§ RECORDS SHOWN
"""

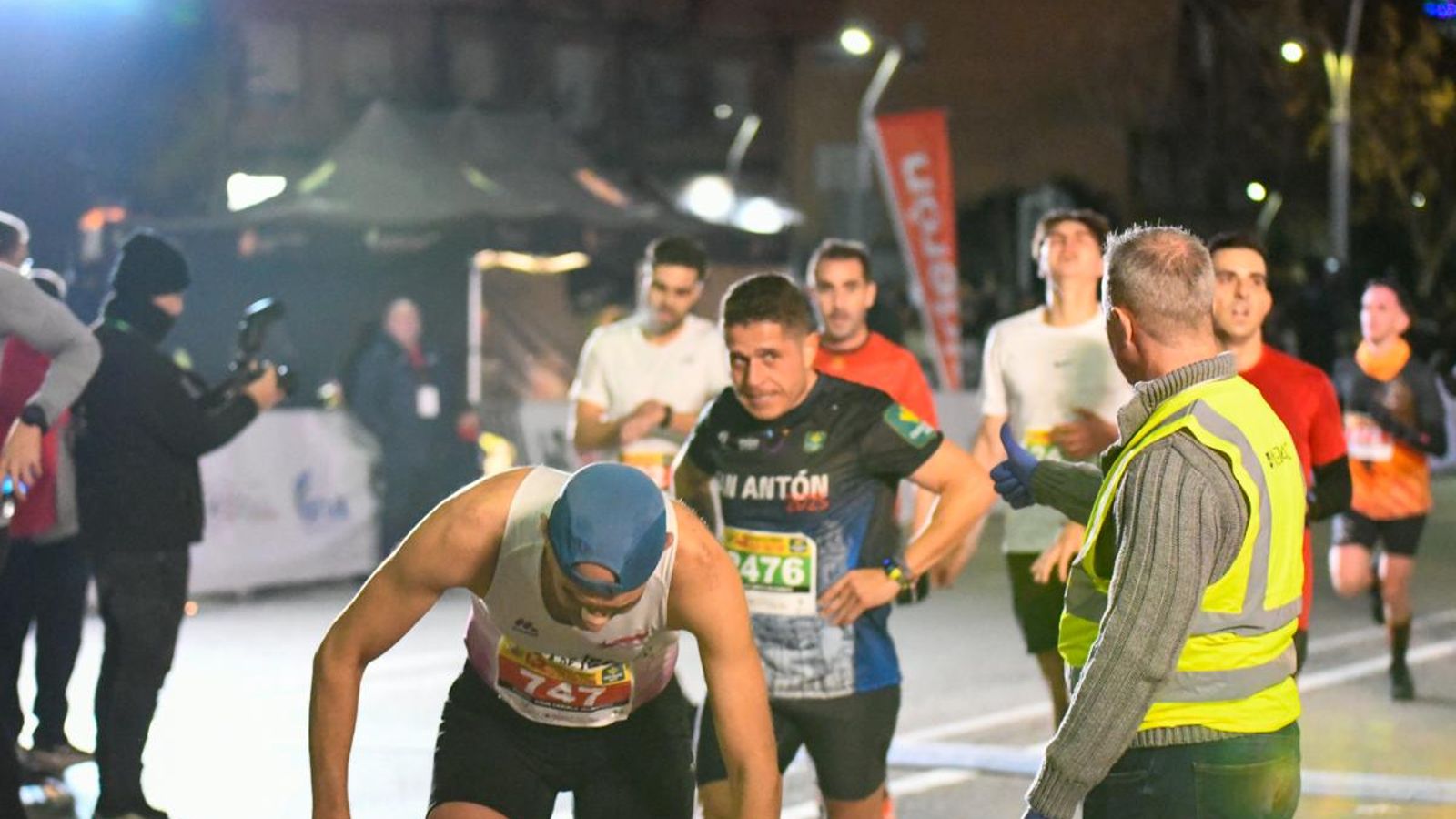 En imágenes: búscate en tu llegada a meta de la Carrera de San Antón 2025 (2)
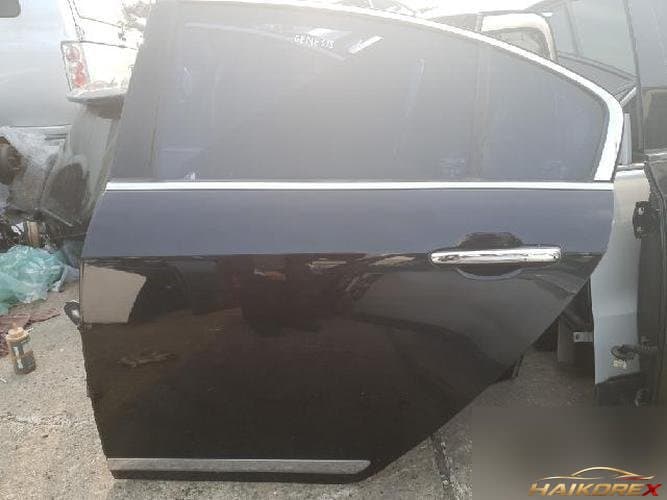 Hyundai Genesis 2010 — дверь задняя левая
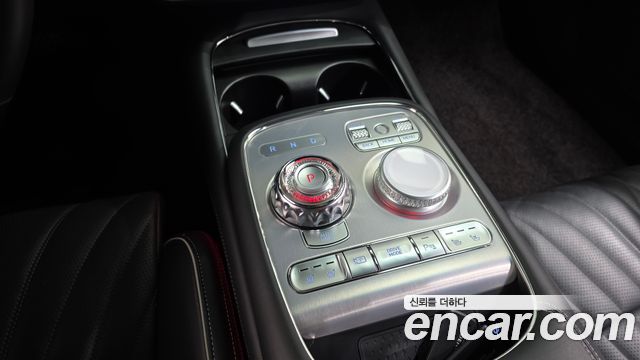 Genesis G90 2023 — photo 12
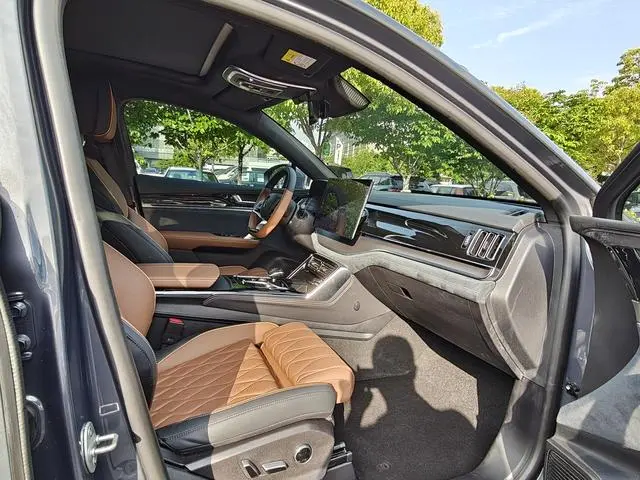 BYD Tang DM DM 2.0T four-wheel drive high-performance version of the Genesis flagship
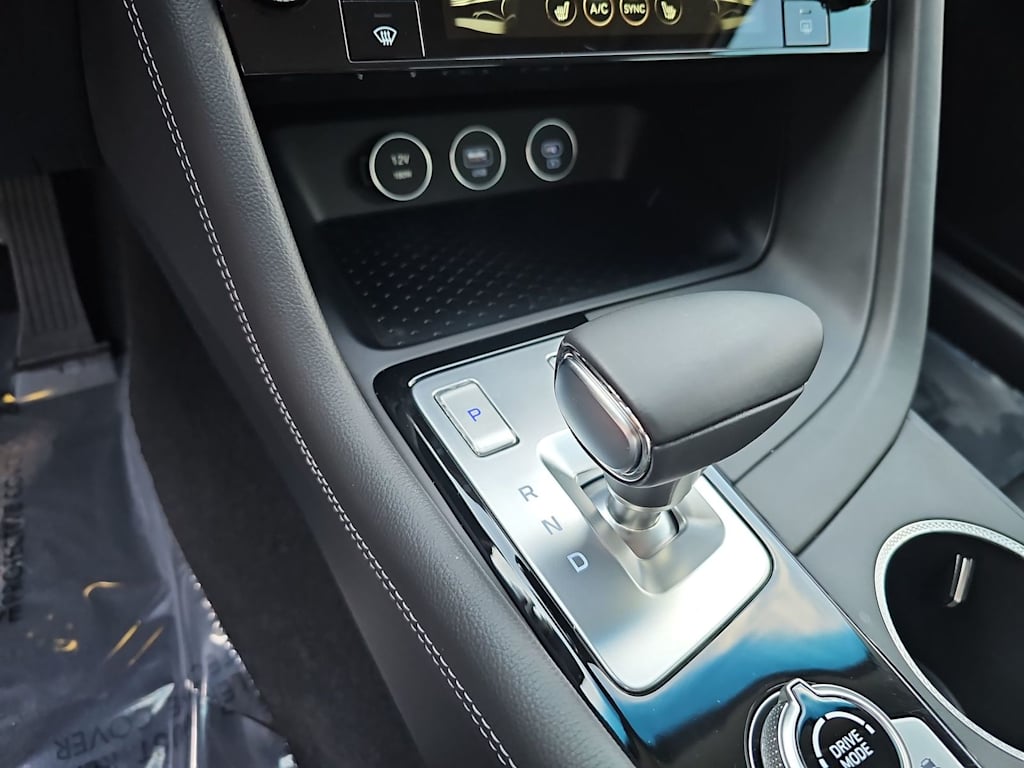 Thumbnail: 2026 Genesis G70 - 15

"""

§ WORK TASK
Every record above should come back exactly, but without its pictures.

§ RESULT
 En imágenes: búscate en tu llegada a meta de la Carrera de San Antón 2025 (2)
 Hyundai Genesis 2010 — дверь задняя левая
 Genesis G90 2023 — photo 12
 BYD Tang DM DM 2.0T four-wheel drive high-performance version of the Genesis flagship
 Thumbnail: 2026 Genesis G70 - 15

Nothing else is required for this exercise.